The data: Begin

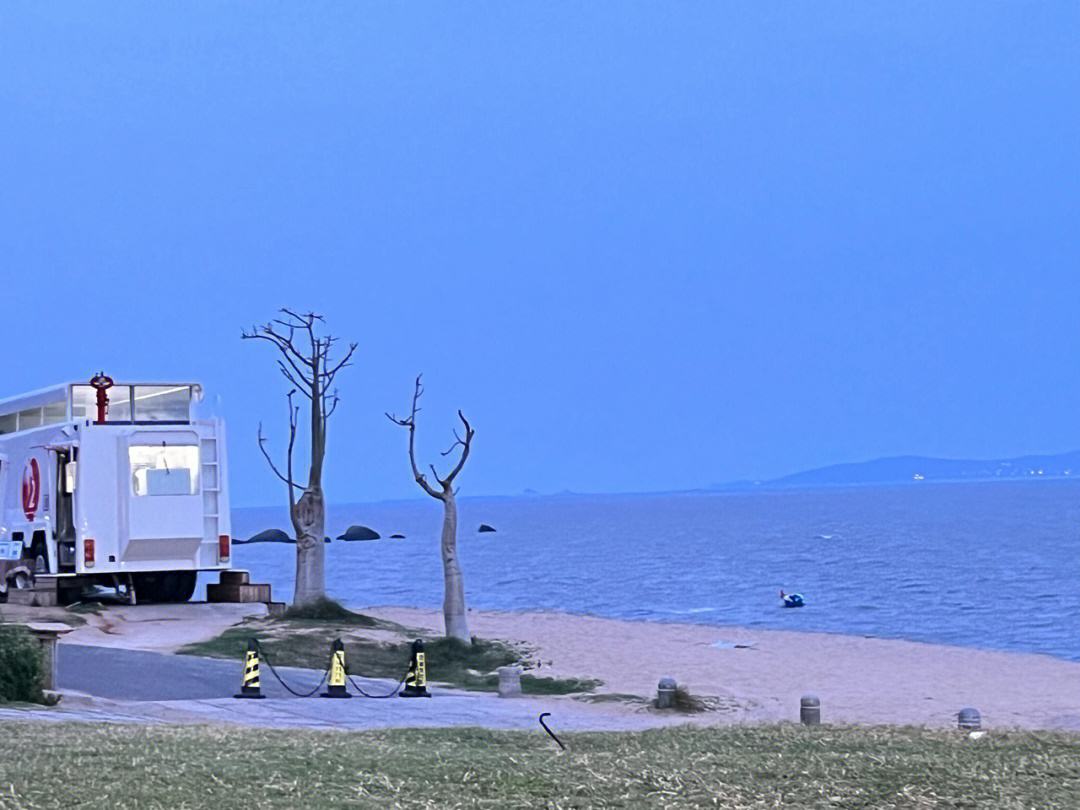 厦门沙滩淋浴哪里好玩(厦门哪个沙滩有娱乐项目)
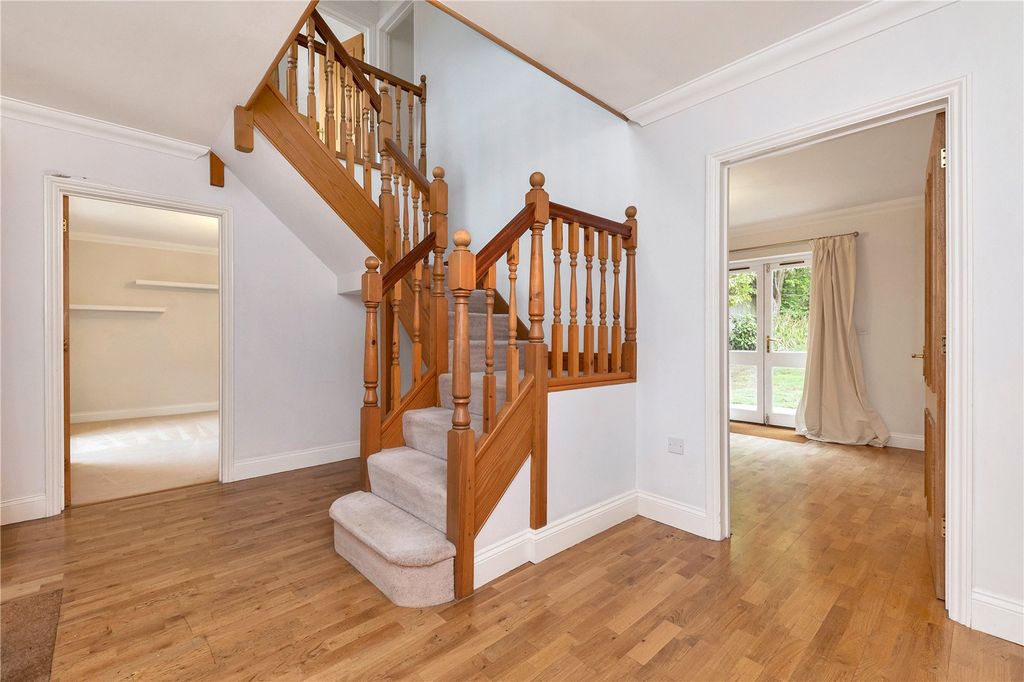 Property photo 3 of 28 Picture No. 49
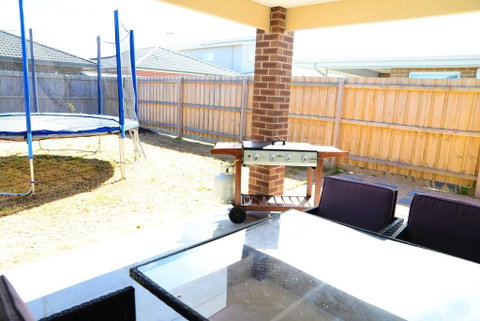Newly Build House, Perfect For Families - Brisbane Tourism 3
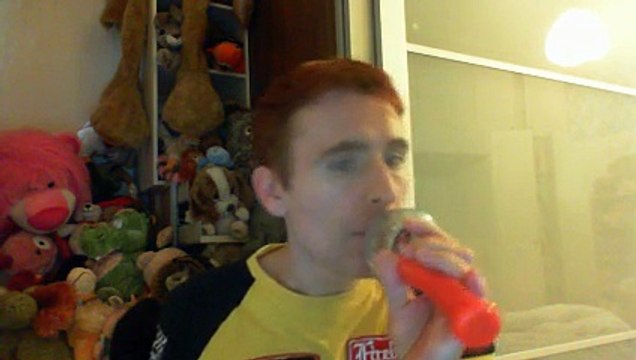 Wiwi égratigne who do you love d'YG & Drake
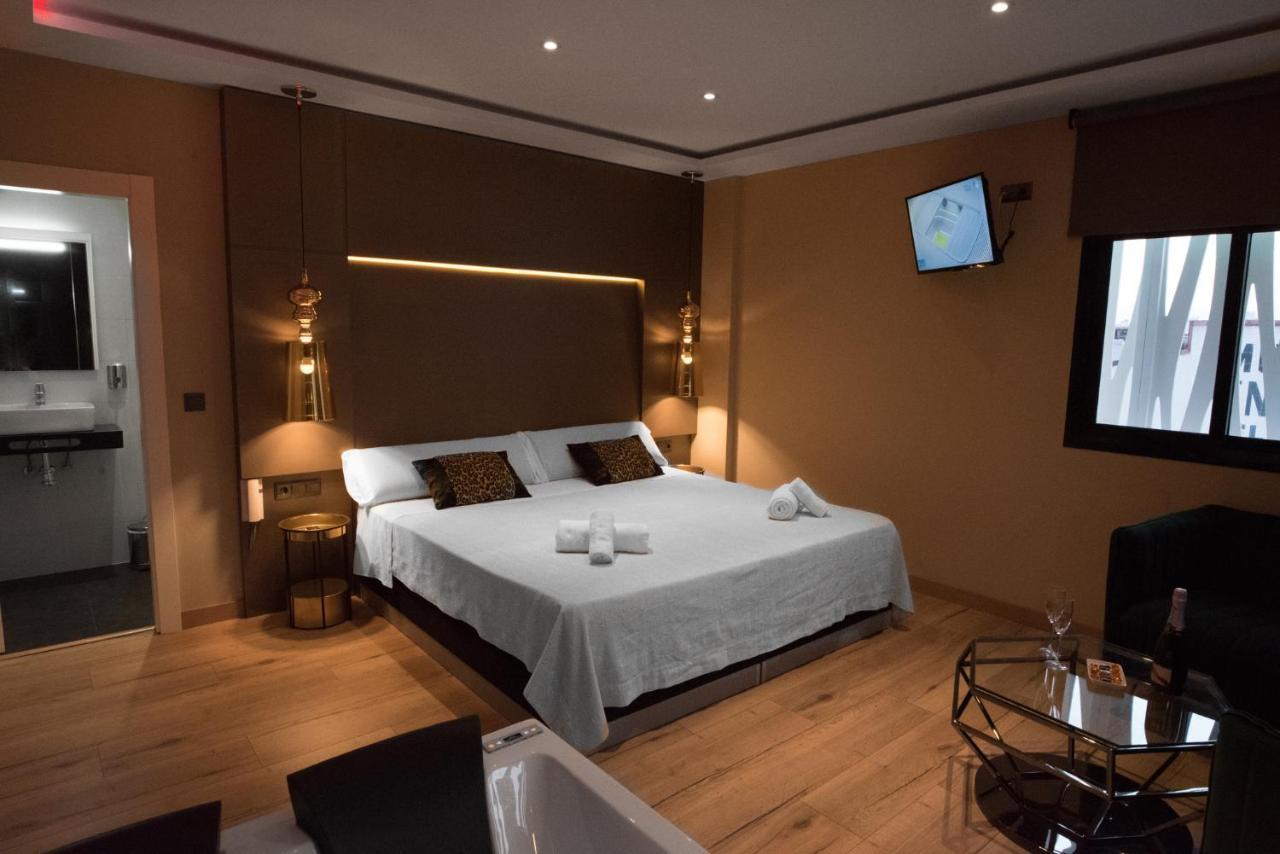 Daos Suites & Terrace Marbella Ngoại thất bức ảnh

The data: End

### Exercise
In your copy, exclude the pictures and repeat each entry above exactly.

### Solution below
 厦门沙滩淋浴哪里好玩(厦门哪个沙滩有娱乐项目)
 Property photo 3 of 28 Picture No. 49
Newly Build House, Perfect For Families - Brisbane Tourism 3
 Wiwi égratigne who do you love d'YG & Drake
 Daos Suites & Terrace Marbella Ngoại thất bức ảnh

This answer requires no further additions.